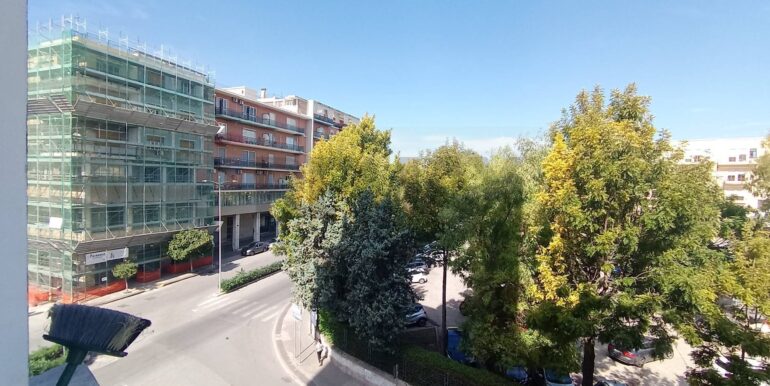 20251010174231-993018-18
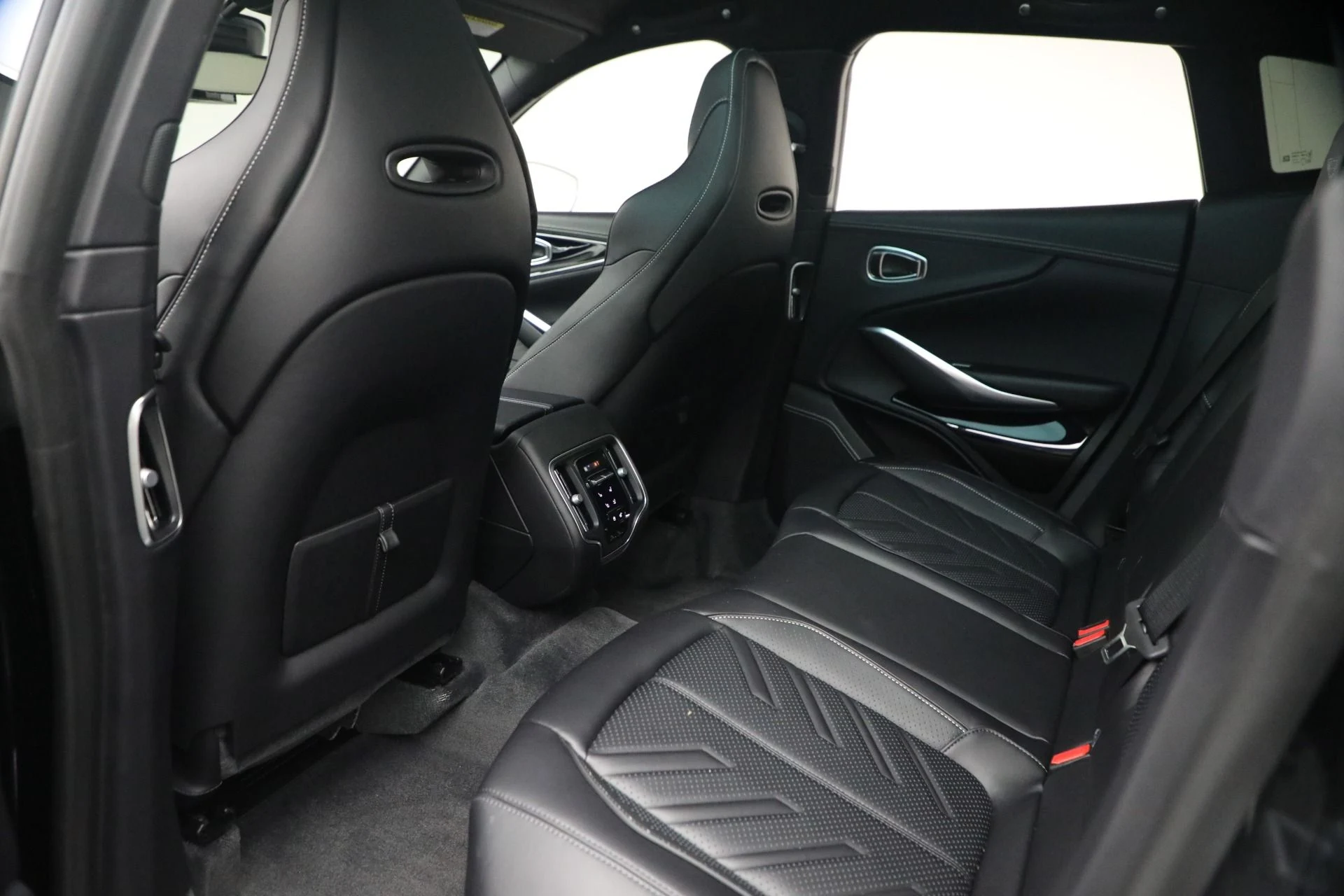 mph013_925718018_New_2026_Aston_Martin_DBX_S_1771452584_7bf0744fd3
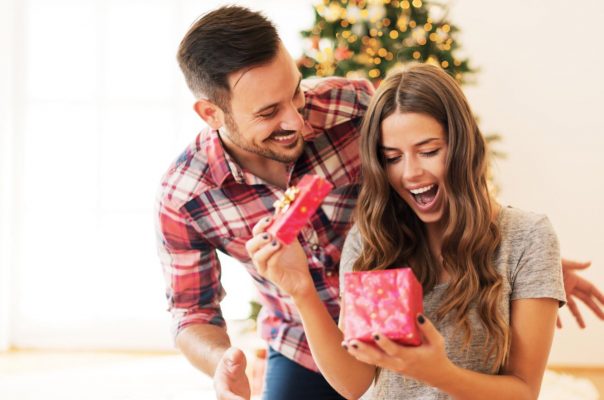 Top 8 Must Have Thoughtful Christmas Gifts For Girlfriend In 2019 Esr Blog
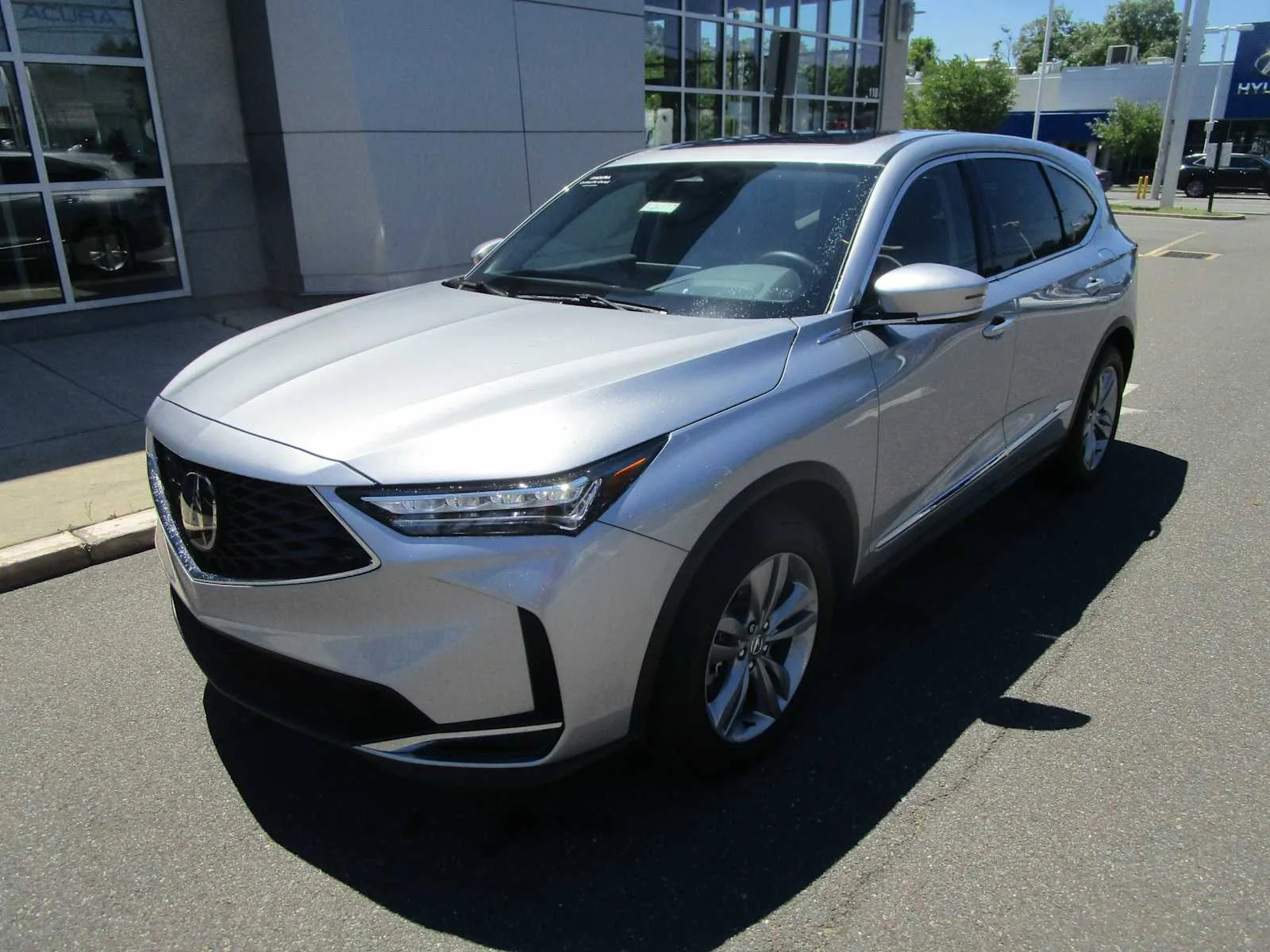 Certified Used 2026 Solar Silver Metallic Acura  image 2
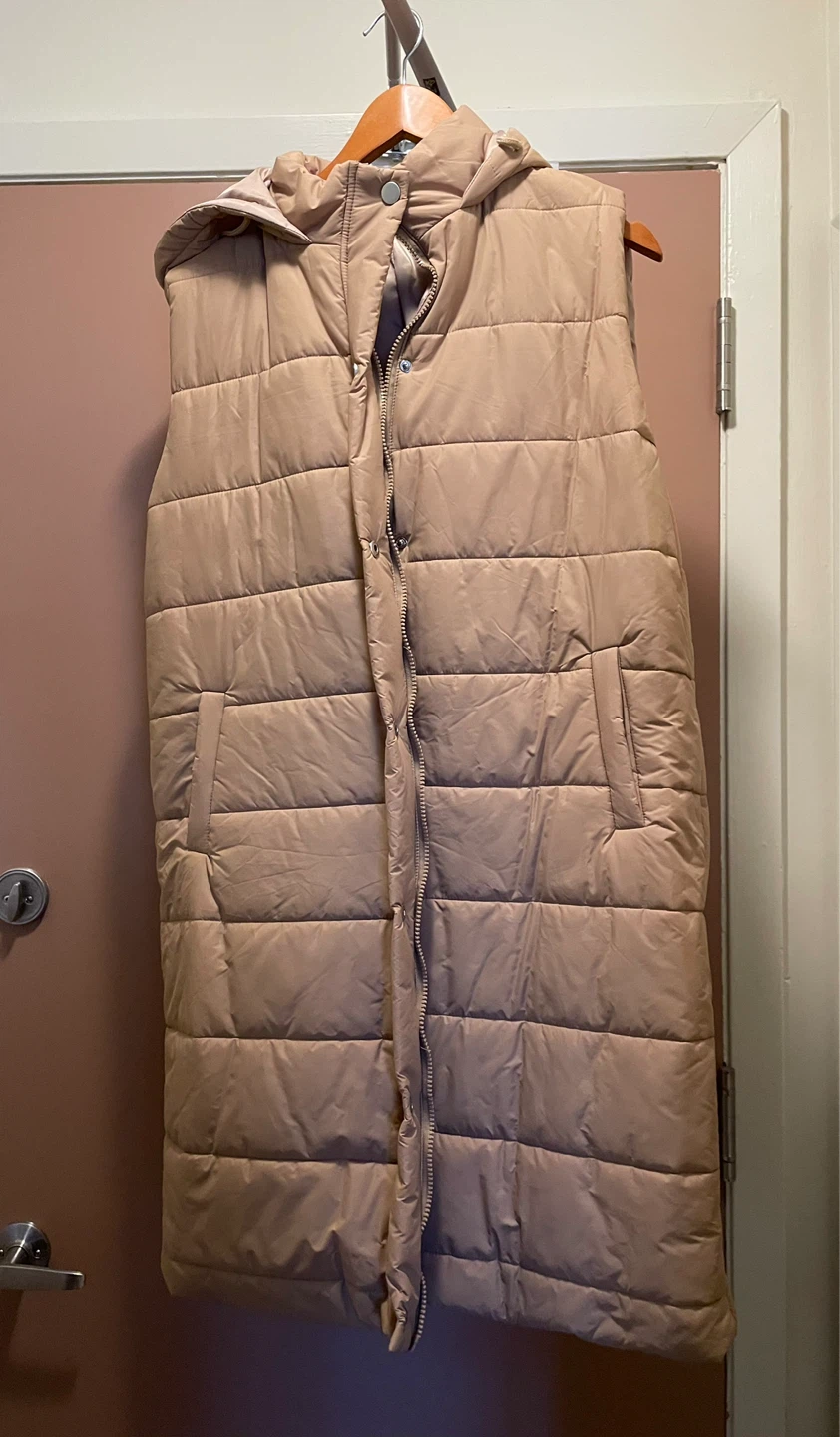 Knee Length Sleeveless Puffer Vest - XL - Beige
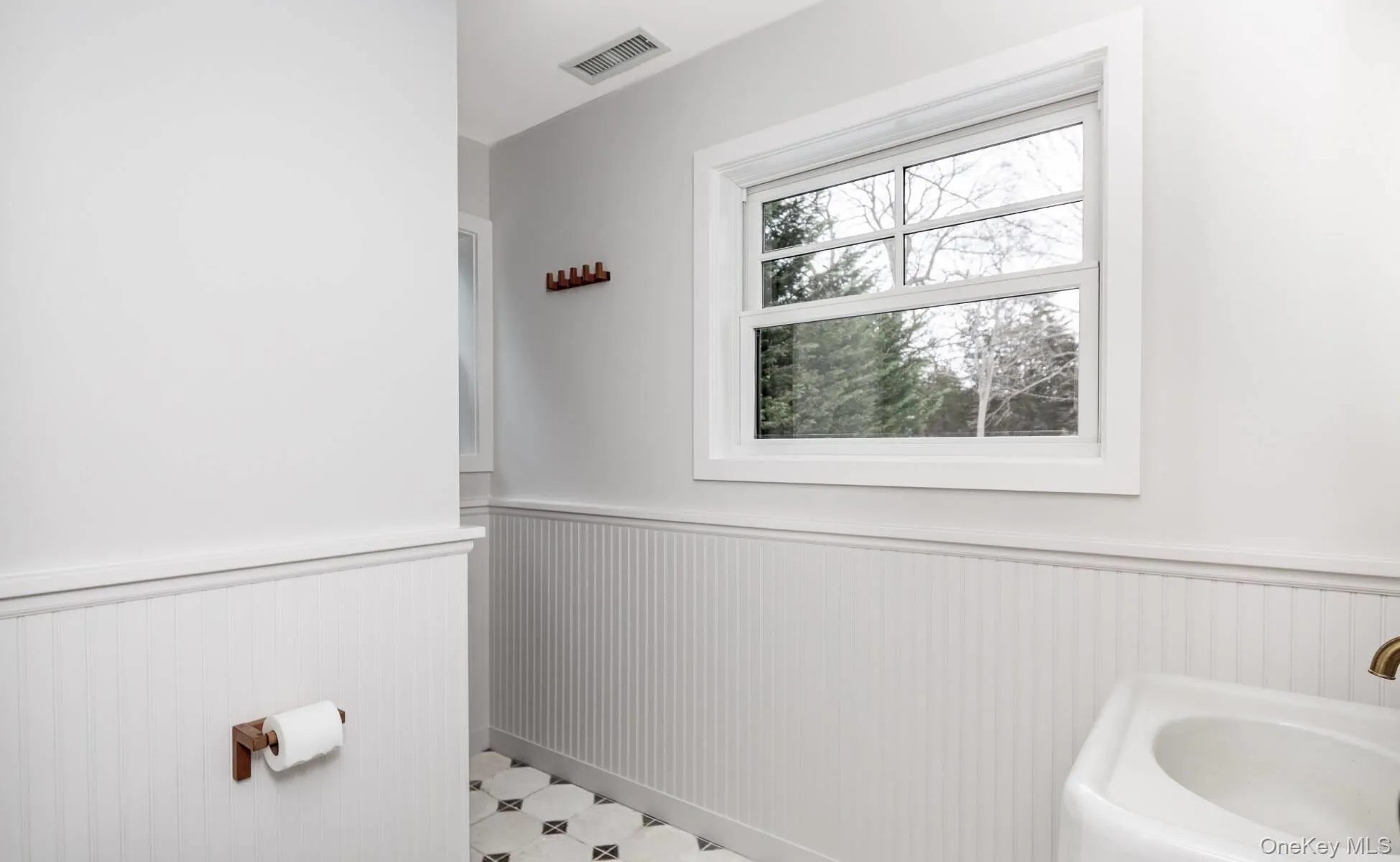 9 Helens Lane, Southampton, NY, 3 Bedrooms Bedrooms, 8 Rooms Rooms,2 BathroomsBathrooms,Residential Lease,For Rent,Helens,0,969152 9 Helens Lane, Southampton, NY, 3 Bedrooms Bedrooms, 8 Rooms Rooms,2 BathroomsBathrooms,Residential Lease,For Rent,Helens,0,969152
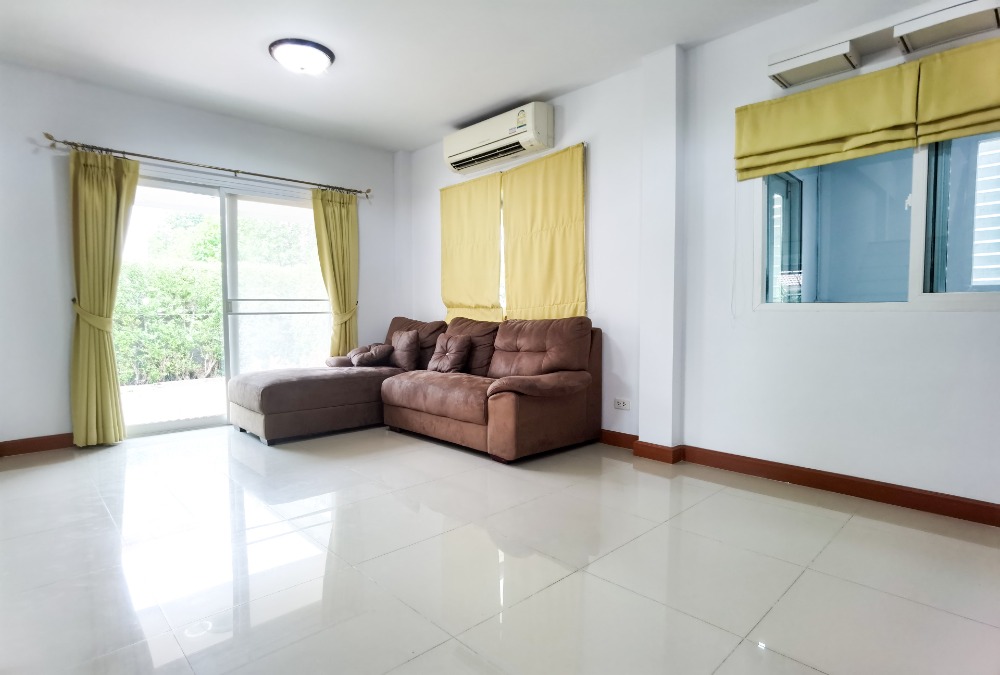 For SaleHousePathum Thani,Rangsit, Thammasat : Single house for sale, Casa Ville Village, Ramindra - Hathairat, beautiful, ready to move in.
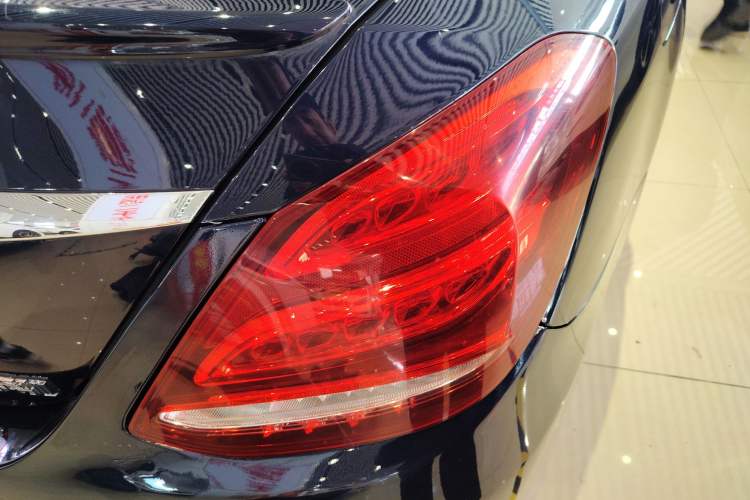 Used Mercedes-Benz C-Class 2017 Restyled C 200 Sport Edition
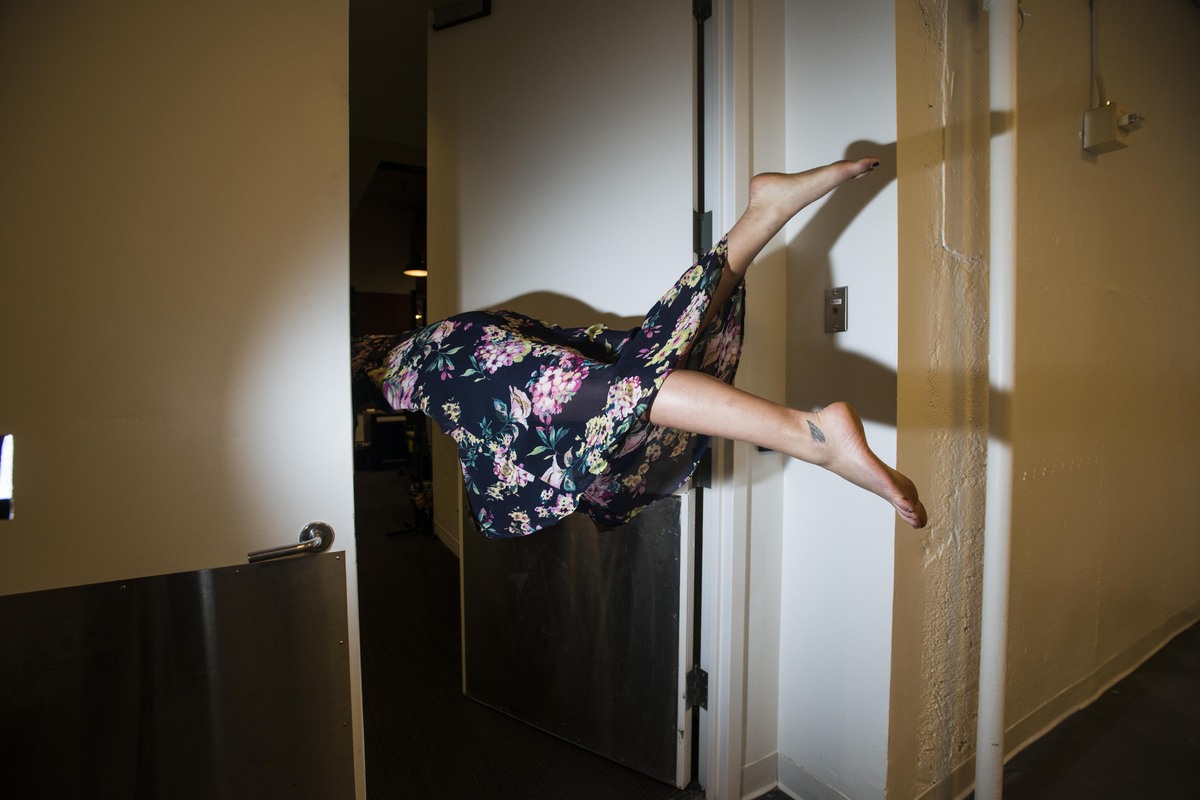 24 Magical Images That Prove Levitation Is Possible | HuffPost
§ §
**DIRECTIONS FOR THIS TASK:**
Copy the lines above exactly and exclude every image.

**ANSWER TO THIS EXERCISE:**
 20251010174231-993018-18
 mph013_925718018_New_2026_Aston_Martin_DBX_S_1771452584_7bf0744fd3
 Top 8 Must Have Thoughtful Christmas Gifts For Girlfriend In 2019 Esr Blog
 Certified Used 2026 Solar Silver Metallic Acura  image 2
 Knee Length Sleeveless Puffer Vest - XL - Beige
 9 Helens Lane, Southampton, NY, 3 Bedrooms Bedrooms, 8 Rooms Rooms,2 BathroomsBathrooms,Residential Lease,For Rent,Helens,0,969152 9 Helens Lane, Southampton, NY, 3 Bedrooms Bedrooms, 8 Rooms Rooms,2 BathroomsBathrooms,Residential Lease,For Rent,Helens,0,969152
 For SaleHousePathum Thani,Rangsit, Thammasat : Single house for sale, Casa Ville Village, Ramindra - Hathairat, beautiful, ready to move in.
 Used Mercedes-Benz C-Class 2017 Restyled C 200 Sport Edition
 24 Magical Images That Prove Levitation Is Possible | HuffPost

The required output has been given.